• zifnab25 [he/him, any]
      ·
      edit-2
      2 years ago

      I get the feeling we’re gonna get a reactionary movement to the late 2010s environmentalist movement

      I mean, did record gas prices in 2006 create an anti-environmentalist reactionary movement? I recall that being the thing that jump started the electric car industry and fueled an enthusiastic-but-ultimately-failed effort at revitalizing public mass transit.

      I have no doubt that you're going to get a guy like McCain running on a "Drill Everywhere On Everything All At Once!" campaign, but we've been backpedaling from O&G exploration and development over the last decade precisely because we've glutted the market. This is just going to be the sector doing some much-desired profit taking after a few years in the doldrums. And "Exxon racks in record profits!!!" headlines aren't going to endear the company to a bunch of people paying $6/gal at the pump.

      If they succeed we’re gonna get a new Reagan/Thatcher/whatever, like in the 80s.
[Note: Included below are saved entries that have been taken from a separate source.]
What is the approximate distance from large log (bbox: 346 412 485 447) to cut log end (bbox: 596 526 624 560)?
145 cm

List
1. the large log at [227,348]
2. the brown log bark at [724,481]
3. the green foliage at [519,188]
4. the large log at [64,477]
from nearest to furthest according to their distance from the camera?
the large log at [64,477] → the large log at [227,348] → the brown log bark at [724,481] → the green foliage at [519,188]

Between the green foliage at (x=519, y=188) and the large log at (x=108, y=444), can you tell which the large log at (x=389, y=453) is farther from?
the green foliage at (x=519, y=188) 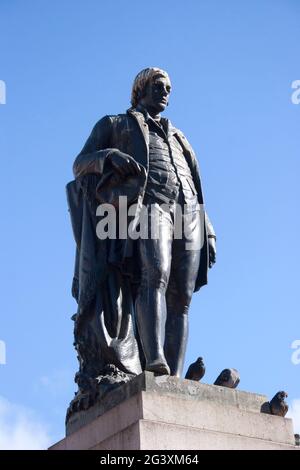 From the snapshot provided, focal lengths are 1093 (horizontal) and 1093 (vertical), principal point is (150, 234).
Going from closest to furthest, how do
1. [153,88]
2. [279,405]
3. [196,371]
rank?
[279,405]
[196,371]
[153,88]

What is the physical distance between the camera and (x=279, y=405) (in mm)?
11539

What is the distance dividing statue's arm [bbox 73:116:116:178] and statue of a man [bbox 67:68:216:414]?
0.01m

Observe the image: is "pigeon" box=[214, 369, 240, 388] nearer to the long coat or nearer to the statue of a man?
the statue of a man

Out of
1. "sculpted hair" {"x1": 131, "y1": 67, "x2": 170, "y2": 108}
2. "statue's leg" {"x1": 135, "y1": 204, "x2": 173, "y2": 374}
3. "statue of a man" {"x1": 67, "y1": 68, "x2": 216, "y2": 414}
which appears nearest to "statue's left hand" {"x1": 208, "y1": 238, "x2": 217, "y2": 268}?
"statue of a man" {"x1": 67, "y1": 68, "x2": 216, "y2": 414}

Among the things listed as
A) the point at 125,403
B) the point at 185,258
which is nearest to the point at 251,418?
the point at 125,403

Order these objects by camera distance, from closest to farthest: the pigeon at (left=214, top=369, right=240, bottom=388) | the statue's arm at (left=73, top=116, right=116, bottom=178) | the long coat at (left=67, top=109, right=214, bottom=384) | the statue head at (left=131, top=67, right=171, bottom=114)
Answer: the pigeon at (left=214, top=369, right=240, bottom=388), the long coat at (left=67, top=109, right=214, bottom=384), the statue's arm at (left=73, top=116, right=116, bottom=178), the statue head at (left=131, top=67, right=171, bottom=114)

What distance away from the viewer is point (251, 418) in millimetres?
11195

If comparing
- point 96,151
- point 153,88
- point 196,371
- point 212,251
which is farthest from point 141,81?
point 196,371

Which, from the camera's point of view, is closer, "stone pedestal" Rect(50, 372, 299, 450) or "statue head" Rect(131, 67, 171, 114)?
"stone pedestal" Rect(50, 372, 299, 450)

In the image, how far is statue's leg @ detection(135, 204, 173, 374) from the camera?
11.4 meters

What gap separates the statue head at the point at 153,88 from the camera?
13188mm

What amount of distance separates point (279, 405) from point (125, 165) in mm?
3147

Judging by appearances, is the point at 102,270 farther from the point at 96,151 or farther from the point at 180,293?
the point at 96,151

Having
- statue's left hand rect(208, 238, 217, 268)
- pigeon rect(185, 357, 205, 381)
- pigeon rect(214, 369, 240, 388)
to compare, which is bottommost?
pigeon rect(214, 369, 240, 388) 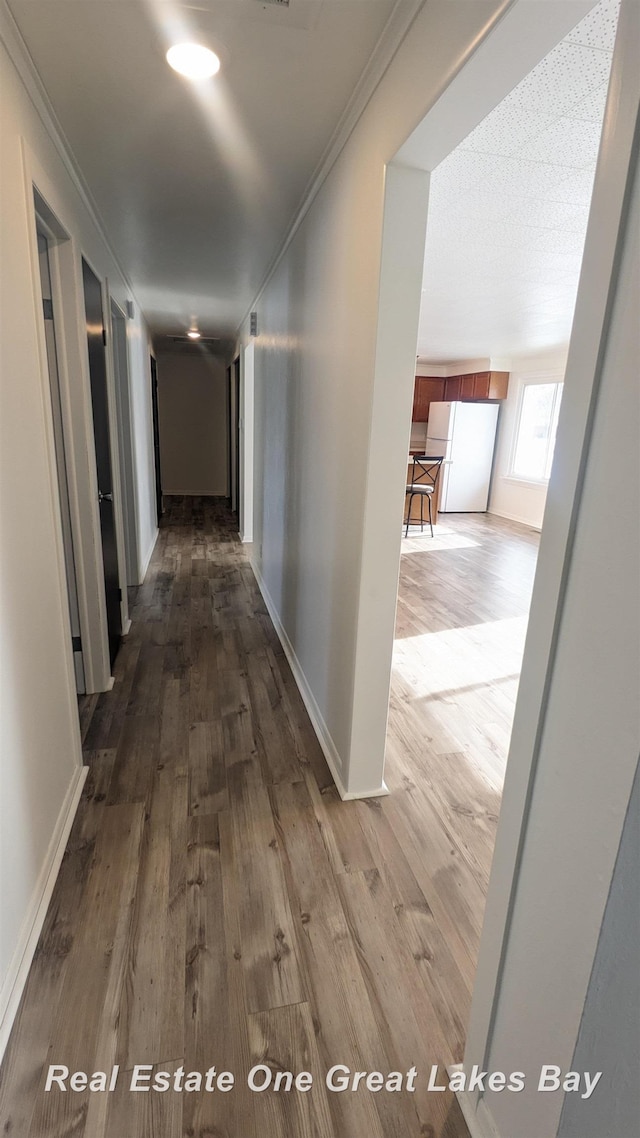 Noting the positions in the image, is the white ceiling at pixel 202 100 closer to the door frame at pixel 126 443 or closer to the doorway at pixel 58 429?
the doorway at pixel 58 429

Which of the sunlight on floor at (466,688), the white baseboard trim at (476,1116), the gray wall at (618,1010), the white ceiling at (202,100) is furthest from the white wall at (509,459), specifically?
the gray wall at (618,1010)

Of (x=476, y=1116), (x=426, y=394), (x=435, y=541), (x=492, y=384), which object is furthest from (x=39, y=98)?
(x=426, y=394)

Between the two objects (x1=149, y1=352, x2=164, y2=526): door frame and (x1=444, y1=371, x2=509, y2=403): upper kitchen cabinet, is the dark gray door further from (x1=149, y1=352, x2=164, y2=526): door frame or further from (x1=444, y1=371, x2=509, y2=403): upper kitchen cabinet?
(x1=444, y1=371, x2=509, y2=403): upper kitchen cabinet

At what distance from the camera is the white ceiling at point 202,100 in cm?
140

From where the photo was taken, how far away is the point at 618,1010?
75 cm

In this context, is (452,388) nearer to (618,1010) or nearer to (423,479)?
(423,479)

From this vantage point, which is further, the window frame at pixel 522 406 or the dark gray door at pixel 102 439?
the window frame at pixel 522 406

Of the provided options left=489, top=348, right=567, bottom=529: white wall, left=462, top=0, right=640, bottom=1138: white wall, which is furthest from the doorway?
left=489, top=348, right=567, bottom=529: white wall

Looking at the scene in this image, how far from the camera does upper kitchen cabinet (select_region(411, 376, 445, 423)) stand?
9469 mm

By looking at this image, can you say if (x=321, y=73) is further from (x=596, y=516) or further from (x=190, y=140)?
(x=596, y=516)

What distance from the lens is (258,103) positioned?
176cm

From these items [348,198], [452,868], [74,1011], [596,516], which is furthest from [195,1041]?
[348,198]

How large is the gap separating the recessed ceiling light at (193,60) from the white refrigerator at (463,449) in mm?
7012

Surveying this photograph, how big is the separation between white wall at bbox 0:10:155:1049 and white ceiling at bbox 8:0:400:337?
0.51 ft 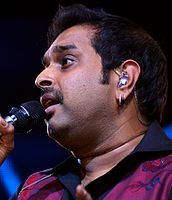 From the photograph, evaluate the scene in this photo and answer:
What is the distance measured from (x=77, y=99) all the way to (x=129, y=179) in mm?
271

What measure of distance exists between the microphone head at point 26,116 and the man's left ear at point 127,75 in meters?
0.26

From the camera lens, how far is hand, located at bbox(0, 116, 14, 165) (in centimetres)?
105

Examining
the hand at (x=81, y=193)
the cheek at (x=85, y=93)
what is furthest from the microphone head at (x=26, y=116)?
the hand at (x=81, y=193)

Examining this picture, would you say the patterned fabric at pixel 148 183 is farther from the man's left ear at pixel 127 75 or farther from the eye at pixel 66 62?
the eye at pixel 66 62

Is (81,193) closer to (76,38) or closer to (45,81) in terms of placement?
(45,81)

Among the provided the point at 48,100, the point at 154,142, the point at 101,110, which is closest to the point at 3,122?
the point at 48,100

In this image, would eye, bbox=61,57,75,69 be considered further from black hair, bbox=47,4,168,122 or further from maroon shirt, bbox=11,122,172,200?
maroon shirt, bbox=11,122,172,200

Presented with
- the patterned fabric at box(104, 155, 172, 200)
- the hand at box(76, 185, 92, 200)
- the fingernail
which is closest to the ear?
the patterned fabric at box(104, 155, 172, 200)

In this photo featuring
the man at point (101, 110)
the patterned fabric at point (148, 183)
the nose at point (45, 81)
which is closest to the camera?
the patterned fabric at point (148, 183)

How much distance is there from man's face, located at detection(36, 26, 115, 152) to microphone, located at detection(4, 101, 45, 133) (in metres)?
0.08

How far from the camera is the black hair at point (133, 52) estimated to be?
4.18 feet

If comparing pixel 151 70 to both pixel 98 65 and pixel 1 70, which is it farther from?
pixel 1 70

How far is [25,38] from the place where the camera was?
196cm

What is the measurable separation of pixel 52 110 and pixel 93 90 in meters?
0.13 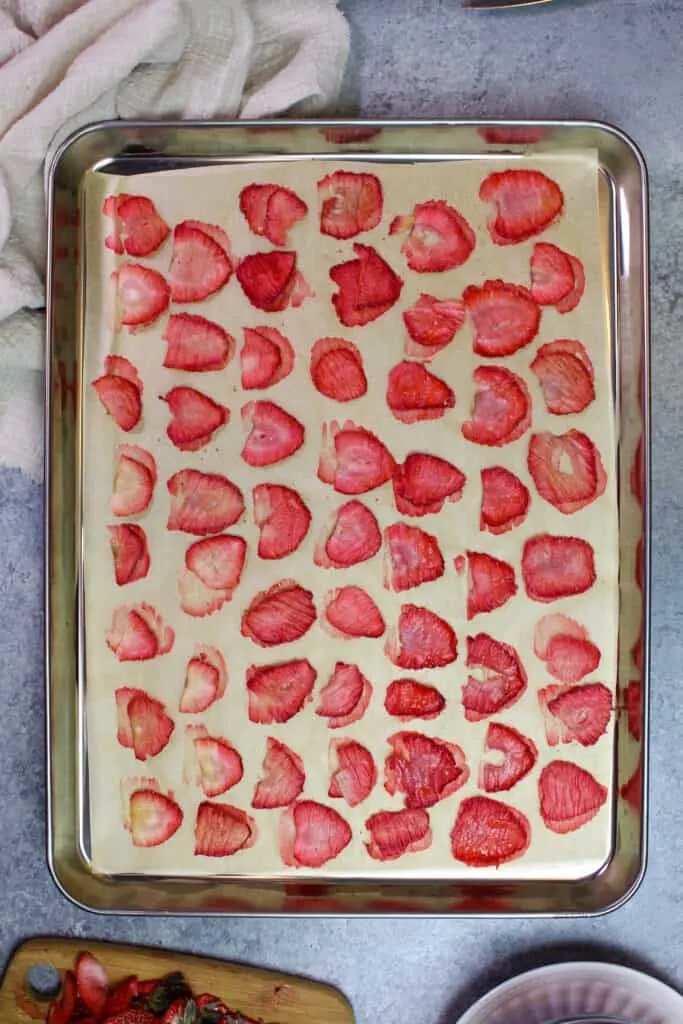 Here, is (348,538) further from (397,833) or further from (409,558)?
(397,833)

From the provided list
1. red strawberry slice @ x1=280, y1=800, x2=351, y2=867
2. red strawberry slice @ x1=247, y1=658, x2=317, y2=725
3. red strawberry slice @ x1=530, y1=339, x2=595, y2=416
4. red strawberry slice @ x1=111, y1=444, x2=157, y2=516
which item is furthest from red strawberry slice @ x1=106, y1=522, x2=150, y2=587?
red strawberry slice @ x1=530, y1=339, x2=595, y2=416

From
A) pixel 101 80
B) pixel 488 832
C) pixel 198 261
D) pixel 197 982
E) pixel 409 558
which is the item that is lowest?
pixel 197 982

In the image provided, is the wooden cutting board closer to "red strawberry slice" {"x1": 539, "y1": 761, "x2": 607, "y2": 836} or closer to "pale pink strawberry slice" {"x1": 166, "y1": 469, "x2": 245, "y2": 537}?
"red strawberry slice" {"x1": 539, "y1": 761, "x2": 607, "y2": 836}

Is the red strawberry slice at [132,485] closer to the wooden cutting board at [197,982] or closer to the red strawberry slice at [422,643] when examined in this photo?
the red strawberry slice at [422,643]

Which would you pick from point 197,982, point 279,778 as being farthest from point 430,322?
point 197,982

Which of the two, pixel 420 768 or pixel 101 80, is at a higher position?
pixel 101 80

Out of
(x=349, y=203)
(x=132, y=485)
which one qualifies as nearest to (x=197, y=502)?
(x=132, y=485) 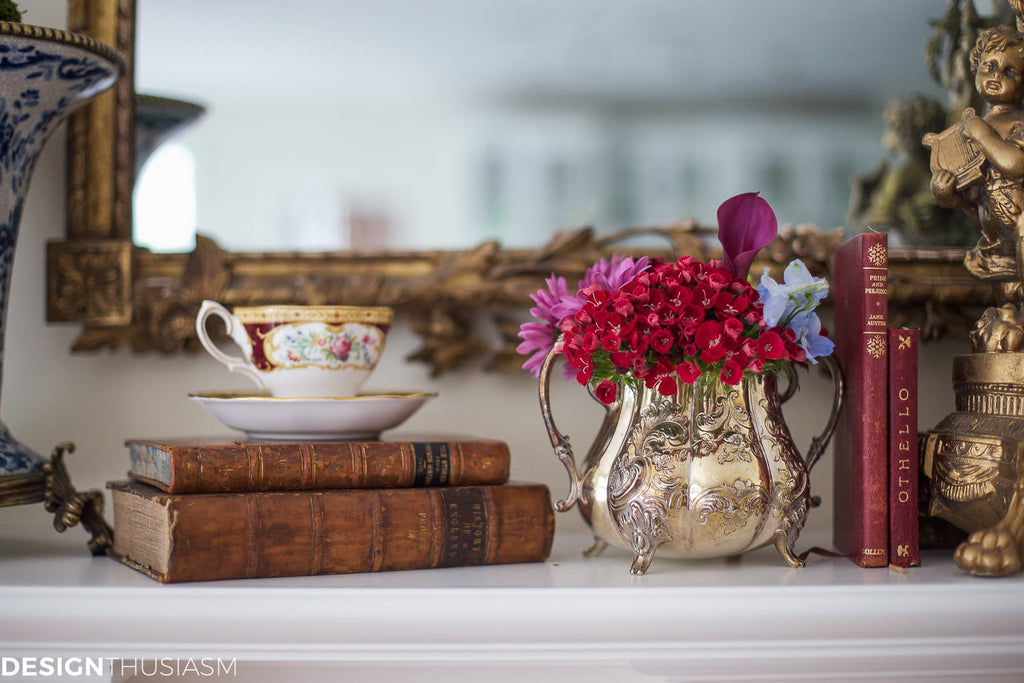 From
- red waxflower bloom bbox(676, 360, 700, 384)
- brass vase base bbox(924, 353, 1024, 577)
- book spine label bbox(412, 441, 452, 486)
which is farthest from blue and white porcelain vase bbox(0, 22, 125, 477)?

      We've been doing Reaganism for my entire life. The public sector already underwent extensive privatization. The Pentagon has already been bloated into a moribund behemoth. Finance Capital runs damned near every branch of government and we're just leaping from one asset bubble to another, with all the real domestic infrastructure outsourced a generation ago.

      There's no more Soviet Union to topple or Pacific Rim to exploit, just an Eastern Europe that reflects all our worst impulses and a Chinese-dominated manufacturing sector that has all our receipts. We don't have unions to bust anymore. We don't have a wealthy white working class to fleece. All the California Republicans are Texas Democrats.

      We can do Socialism or we can do Barbarism. But we don't have anything left to do Reaganism one more time.

        • zifnab25 [he/him, any]
          ·
          2 years ago

          Marxists theorize that Capitalism is ultimately destructive, while Communism is constructive.

          It may take numerous iterations, but eventually the functional societies will outcompete the dysfunctional ones. We're already seeing this in East Asia, as China eclipses its neighbours. And we're beginning to see it in Latin America, as socialist states reemerge in the absence of a functional American espionage system. Watching countries like N.Korea and Cuba endure decades of sanction and embargo should illustrate their durability relative to Western economic models.

          But it took centuries for colonization to run its course. I don't think Communism will assert itself on a truly global scale in my lifetime.